### Exercise material
BEGIN

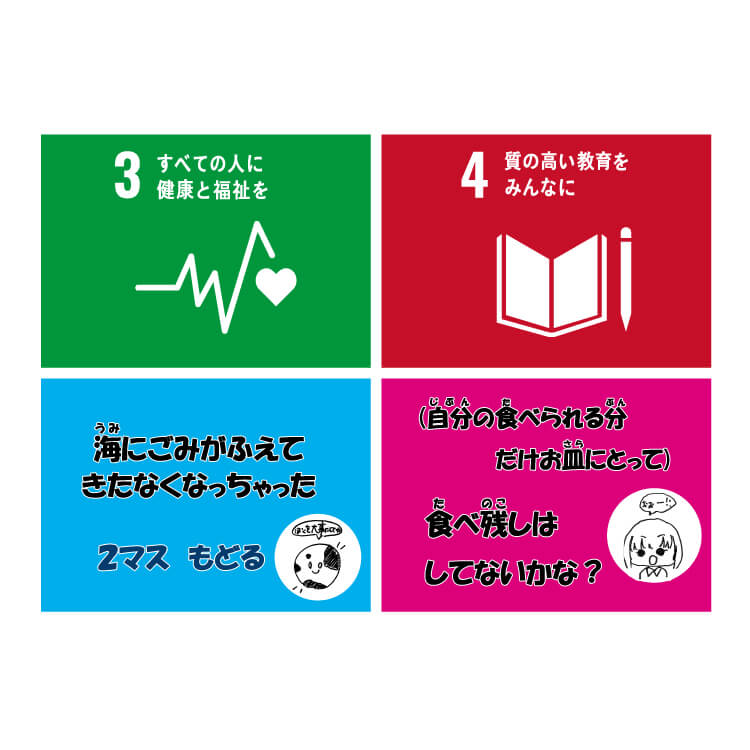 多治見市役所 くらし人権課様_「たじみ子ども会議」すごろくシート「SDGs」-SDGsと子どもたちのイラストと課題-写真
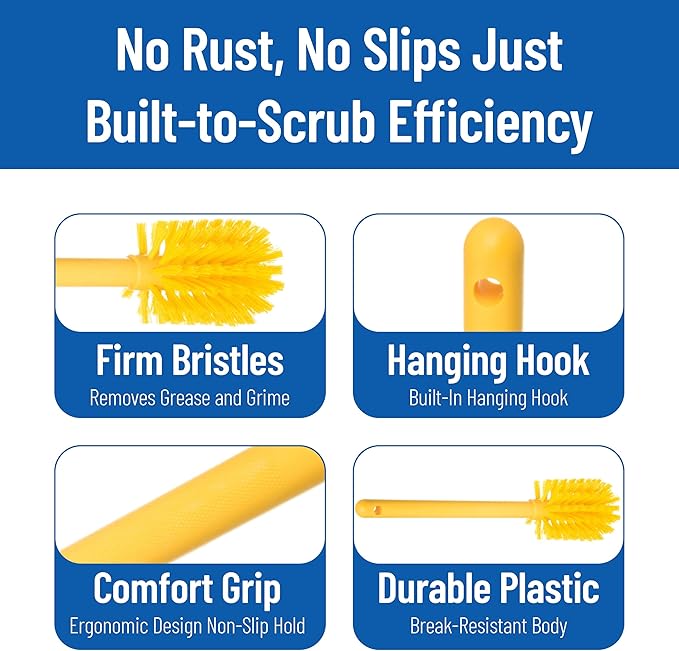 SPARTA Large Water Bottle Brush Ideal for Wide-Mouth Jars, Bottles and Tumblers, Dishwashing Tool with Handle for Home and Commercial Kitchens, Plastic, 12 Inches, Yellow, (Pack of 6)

END
BEGIN

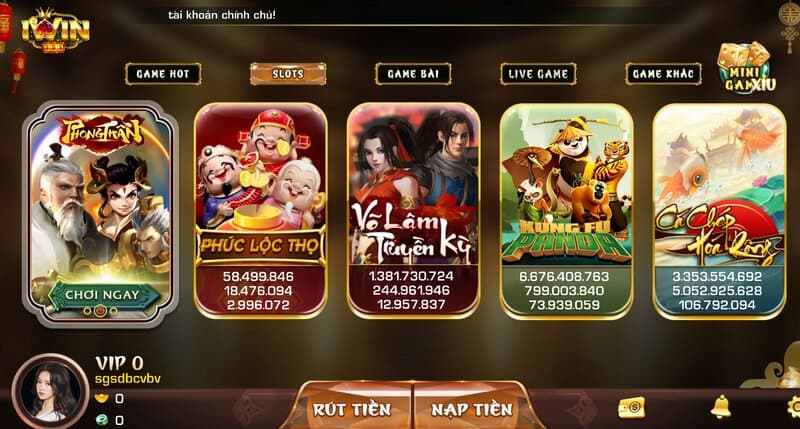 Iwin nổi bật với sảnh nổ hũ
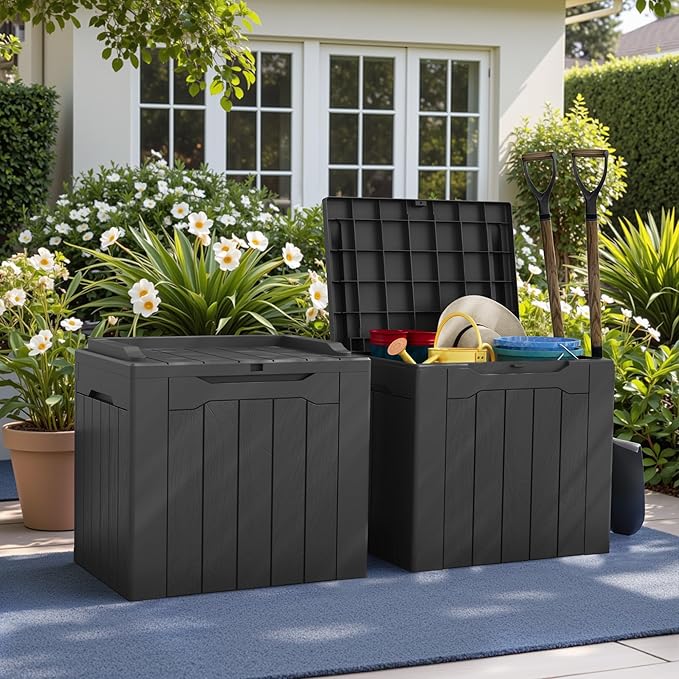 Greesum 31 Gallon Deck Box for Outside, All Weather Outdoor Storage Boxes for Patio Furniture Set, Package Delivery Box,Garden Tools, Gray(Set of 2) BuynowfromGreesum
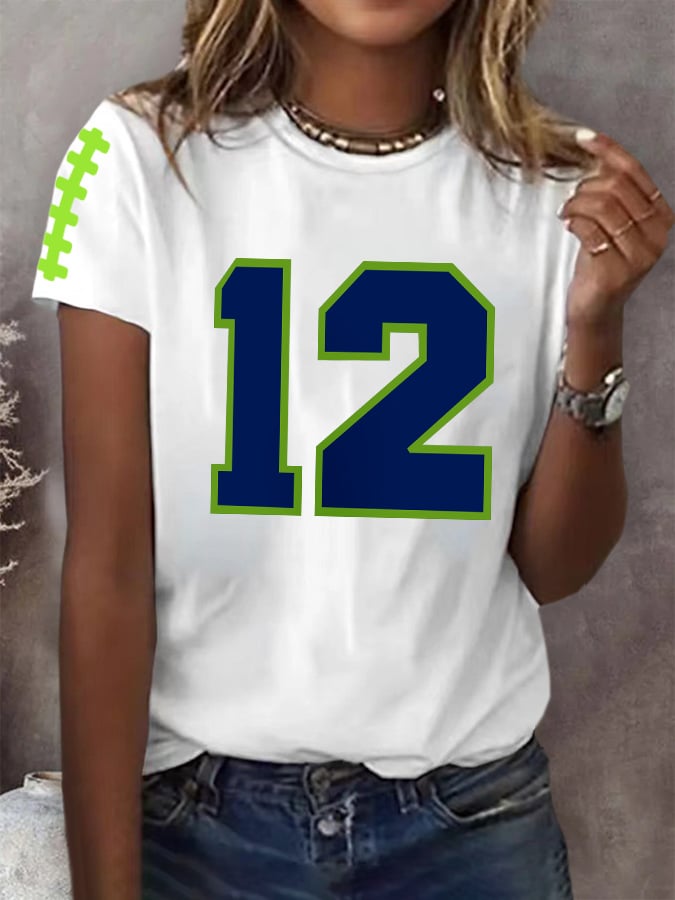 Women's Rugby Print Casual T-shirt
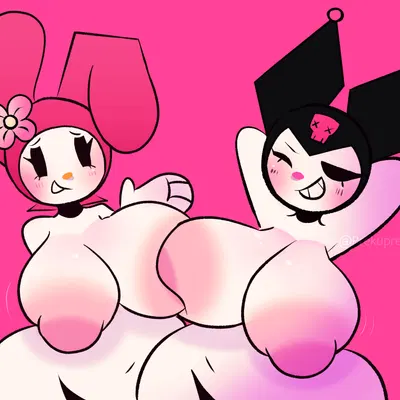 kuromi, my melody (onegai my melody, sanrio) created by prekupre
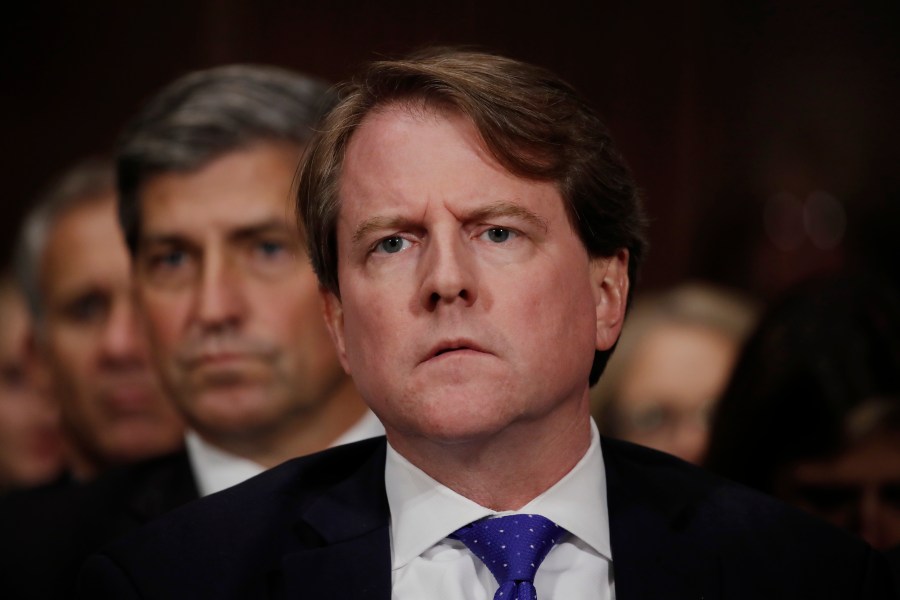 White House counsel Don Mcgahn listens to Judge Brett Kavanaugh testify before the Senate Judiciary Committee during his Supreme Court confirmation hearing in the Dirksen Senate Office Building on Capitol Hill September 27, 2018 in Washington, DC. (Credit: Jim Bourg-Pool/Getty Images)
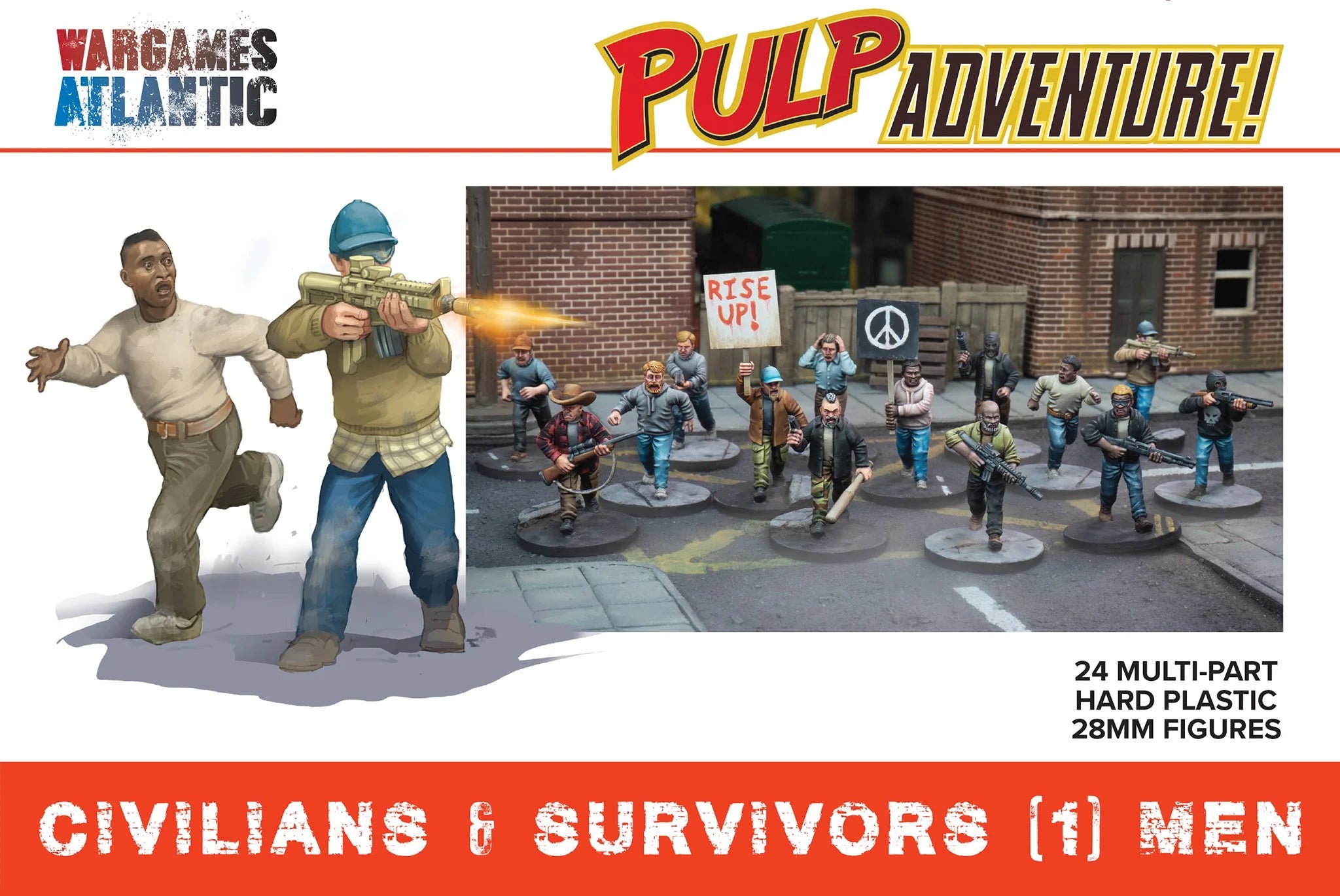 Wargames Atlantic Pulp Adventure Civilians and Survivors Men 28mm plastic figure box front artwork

END

### Exercise instructions
Going by the data above, the answer is exactly the lines from the one holding "Women's Rugby Print Casual T-shirt" to the one holding "kuromi, my melody", both kept, with the pictures left out.

### Solution below
 Women's Rugby Print Casual T-shirt
 kuromi, my melody (onegai my melody, sanrio) created by prekupre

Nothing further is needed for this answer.